En este punto es que surge la segunda noticia: en algún medio se publicó una nota de Juan M. Blanco acerca del libro Forever Young, de Marcel Danesi, profesor de antropología, que plantea una tesis sugerente.

Basado en datos empíricos, sostiene que tiene lugar un fenómeno que considera un “síndrome colectivo” y que consiste en que “la adolescencia se extiende hoy hasta edades muy avanzadas, generando una sociedad inmadura, unos sujetos que exigen cada vez más de la vida pero entienden cada vez menos el mundo que los rodea”.

La opinión pública, en ese contexto, tiende a considerar la inmadurez como normal, incluso “deseable”, para un adulto, como resultado de lo cual, “cunde una sensación de inutilidad, de profunda distorsión: quienes toman las decisiones cruciales suelen ser individuos con valores adolescentes. Va desapareciendo la cultura del pensamiento, de la reflexión, del entendimiento y es sustituida por el impulso, la búsqueda de la satisfacción instantánea” (La Incontenible Infantilización de Occidente, en Disidentia, https://disidentia.com).

Destaca esta tesis el hecho de que mucho se olvida que “la madurez consiste básicamente en la adquisición de juicio para distinguir el bien del mal, la formación de los propios principios y, sobre todo, la disposición a aceptar responsabilidades”.

También lo hace con la circunstancia de que los dirigentes han contribuido –“con todas sus fuerzas”, dice– “a diluir o difuminar la responsabilidad individual” y condenar a las personas adultas a una “adolescencia permanente”, porque –y esto me parece irrefutable– el estado paternalista “aseguró al súbdito que resolvería hasta la más mínima de sus dificultades a cambio de renunciar al pensamiento crítico, de delegar en los dirigentes todas las decisiones”.

El creciente infantilismo fomenta la difusión de miedos, temores inventados o exagerados, que generan una sociedad “bastante cobarde, insegura, que se asusta de su sombra, de lo que come o respira”, que siente pánico ante noticias que no debieran ser más que una excepción, y eso mueve a considerar como una causa probable del trágico panorama que se puede observar en derredor nuestro, aunque no se puede descartar otra porción de causación que reside en la dogmatización del discurso político, que a partir de esas premisas “se limita a meras consignas, pierde complejidad”.

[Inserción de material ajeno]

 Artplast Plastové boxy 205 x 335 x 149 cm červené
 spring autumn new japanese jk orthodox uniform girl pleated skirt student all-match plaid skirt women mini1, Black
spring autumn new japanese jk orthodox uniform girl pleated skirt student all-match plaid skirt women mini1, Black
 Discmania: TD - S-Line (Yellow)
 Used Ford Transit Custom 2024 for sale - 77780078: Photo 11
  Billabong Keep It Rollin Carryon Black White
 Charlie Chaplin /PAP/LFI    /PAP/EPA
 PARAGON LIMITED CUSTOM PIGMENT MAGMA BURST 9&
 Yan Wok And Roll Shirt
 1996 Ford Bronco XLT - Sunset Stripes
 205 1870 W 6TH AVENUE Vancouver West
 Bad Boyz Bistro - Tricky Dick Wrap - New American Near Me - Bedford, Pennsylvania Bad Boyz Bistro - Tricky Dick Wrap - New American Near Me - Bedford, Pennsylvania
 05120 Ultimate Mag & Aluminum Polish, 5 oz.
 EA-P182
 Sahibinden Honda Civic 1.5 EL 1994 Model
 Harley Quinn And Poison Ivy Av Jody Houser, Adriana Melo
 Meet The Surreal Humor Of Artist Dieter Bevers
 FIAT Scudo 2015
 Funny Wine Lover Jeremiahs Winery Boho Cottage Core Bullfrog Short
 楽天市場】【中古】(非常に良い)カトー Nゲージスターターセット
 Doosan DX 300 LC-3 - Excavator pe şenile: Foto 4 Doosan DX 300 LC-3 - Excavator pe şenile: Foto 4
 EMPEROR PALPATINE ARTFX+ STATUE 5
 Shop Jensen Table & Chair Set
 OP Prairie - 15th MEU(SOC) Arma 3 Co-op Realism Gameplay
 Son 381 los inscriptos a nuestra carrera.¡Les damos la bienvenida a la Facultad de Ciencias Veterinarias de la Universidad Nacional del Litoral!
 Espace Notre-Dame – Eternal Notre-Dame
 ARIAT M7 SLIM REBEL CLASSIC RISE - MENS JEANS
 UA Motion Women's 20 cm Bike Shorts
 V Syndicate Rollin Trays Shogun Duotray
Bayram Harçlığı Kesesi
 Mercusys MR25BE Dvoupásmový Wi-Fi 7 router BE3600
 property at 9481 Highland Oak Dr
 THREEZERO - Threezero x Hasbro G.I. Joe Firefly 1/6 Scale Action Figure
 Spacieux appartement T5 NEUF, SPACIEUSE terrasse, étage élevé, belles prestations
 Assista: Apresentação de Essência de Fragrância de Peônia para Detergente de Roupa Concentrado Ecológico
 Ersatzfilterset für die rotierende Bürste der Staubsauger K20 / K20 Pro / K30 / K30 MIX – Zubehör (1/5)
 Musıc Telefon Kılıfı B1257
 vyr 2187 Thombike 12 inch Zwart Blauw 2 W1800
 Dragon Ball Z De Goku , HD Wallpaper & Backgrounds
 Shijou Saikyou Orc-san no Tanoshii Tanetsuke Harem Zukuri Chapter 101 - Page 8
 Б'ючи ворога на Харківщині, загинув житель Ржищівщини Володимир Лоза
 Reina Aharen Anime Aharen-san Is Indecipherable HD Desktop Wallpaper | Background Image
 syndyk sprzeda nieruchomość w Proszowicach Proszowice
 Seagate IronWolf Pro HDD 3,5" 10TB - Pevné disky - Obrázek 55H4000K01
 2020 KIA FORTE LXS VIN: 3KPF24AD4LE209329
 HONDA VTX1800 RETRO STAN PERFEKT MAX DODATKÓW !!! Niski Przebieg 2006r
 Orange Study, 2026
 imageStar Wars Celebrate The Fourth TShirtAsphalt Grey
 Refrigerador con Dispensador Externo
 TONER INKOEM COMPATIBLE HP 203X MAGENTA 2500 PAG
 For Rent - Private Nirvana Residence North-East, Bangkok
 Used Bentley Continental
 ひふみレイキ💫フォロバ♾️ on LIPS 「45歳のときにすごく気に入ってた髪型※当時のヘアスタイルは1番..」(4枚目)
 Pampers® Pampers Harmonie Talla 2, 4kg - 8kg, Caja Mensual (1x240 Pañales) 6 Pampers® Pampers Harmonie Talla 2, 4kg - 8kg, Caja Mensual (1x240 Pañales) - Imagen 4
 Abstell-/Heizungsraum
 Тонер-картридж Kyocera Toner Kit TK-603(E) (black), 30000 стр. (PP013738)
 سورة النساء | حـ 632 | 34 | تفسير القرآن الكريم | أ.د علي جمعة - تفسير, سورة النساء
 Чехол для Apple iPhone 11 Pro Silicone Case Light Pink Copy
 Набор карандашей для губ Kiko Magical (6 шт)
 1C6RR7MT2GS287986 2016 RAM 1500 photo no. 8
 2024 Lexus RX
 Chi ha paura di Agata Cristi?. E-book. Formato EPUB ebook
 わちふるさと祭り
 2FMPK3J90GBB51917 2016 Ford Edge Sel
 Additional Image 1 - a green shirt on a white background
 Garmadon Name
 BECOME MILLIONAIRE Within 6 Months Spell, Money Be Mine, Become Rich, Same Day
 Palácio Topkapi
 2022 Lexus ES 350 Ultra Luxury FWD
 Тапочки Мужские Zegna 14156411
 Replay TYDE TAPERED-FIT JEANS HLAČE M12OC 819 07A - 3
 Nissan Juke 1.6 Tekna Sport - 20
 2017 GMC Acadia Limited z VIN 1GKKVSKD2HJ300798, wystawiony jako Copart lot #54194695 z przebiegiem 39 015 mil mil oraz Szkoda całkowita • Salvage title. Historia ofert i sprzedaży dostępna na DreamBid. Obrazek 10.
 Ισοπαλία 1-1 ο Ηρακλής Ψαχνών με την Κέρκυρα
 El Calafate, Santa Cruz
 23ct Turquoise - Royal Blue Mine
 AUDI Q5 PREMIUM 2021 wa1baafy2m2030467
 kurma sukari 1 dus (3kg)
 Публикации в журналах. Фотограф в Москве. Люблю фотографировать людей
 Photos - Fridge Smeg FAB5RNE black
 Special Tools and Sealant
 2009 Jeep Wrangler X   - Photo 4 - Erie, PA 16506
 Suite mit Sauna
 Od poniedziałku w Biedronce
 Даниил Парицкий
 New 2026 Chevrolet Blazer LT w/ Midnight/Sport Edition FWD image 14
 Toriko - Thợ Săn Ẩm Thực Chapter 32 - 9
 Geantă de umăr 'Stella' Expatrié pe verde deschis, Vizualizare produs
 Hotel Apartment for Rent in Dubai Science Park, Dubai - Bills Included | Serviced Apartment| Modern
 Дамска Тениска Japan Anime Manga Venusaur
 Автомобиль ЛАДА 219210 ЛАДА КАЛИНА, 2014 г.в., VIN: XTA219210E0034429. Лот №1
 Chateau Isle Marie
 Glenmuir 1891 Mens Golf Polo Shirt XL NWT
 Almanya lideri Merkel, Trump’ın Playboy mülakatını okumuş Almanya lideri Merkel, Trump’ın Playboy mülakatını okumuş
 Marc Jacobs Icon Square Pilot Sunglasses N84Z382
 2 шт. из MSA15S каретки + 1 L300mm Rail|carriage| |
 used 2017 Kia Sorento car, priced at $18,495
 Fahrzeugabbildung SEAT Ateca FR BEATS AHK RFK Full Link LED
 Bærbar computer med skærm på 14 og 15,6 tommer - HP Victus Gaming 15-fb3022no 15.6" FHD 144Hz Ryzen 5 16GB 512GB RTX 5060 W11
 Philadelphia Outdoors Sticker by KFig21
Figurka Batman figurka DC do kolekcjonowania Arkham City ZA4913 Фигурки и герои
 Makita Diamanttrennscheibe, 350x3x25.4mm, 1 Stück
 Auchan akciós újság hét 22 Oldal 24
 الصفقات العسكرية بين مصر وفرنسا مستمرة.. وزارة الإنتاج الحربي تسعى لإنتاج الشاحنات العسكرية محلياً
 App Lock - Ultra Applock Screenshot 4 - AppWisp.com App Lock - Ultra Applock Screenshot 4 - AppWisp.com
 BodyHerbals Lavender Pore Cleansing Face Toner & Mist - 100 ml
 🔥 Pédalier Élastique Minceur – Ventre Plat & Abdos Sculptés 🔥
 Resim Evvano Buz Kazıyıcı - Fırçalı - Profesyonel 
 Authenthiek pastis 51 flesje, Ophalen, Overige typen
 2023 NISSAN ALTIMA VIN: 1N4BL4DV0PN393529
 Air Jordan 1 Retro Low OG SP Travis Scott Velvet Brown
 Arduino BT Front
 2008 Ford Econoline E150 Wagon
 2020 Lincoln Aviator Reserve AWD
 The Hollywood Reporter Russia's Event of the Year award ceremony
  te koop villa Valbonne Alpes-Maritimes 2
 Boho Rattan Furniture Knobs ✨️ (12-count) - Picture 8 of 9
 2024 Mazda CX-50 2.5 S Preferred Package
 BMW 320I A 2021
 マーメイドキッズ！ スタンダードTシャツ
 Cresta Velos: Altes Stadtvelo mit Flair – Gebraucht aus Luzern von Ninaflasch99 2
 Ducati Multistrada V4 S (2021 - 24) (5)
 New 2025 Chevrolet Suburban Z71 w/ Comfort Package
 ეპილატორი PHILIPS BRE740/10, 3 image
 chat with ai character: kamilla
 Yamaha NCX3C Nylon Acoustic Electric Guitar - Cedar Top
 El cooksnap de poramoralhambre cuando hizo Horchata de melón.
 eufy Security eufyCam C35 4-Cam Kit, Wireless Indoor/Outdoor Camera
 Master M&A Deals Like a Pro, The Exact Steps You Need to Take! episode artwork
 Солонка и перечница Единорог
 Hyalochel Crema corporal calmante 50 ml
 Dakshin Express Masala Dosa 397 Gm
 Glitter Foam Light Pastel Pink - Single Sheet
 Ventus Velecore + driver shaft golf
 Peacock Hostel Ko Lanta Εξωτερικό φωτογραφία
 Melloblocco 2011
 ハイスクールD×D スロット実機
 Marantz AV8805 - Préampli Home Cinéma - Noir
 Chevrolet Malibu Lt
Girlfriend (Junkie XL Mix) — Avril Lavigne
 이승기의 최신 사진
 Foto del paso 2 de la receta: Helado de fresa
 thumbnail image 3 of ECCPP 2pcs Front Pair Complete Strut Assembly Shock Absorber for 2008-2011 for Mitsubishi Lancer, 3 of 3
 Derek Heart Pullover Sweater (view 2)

En ese contexto, la cantidad y el tamaño de las frustraciones frente al fracaso en la construcción de una vida comunitaria sólida y la desesperanza de encontrar una vía para el propio desarrollo, explican que se produzcan decepciones y depresión que, aunadas al ambiente de violencia aguda y la disfunción familiar creciente, trastoquen los valores, con la consecuencia de ver cómo cada vez más jóvenes incurran en las explosiones de violencia y las salidas falsas que con tanta tristeza hemos experimentado.

Imposible pasar por alto que la promesa de una “interminable infancia despreocupada y feliz” del “estado paternalista” es un campo propicio para que florezca la “mentalidad infantil”.

En cambio, hay que insistir en aquello que se atribuye a Pitágoras y esta semana, providencialmente, me trajeron las redes sociales: “Educar no es dar carrera para vivir, sino templar el alma para las dificultades de la vida”.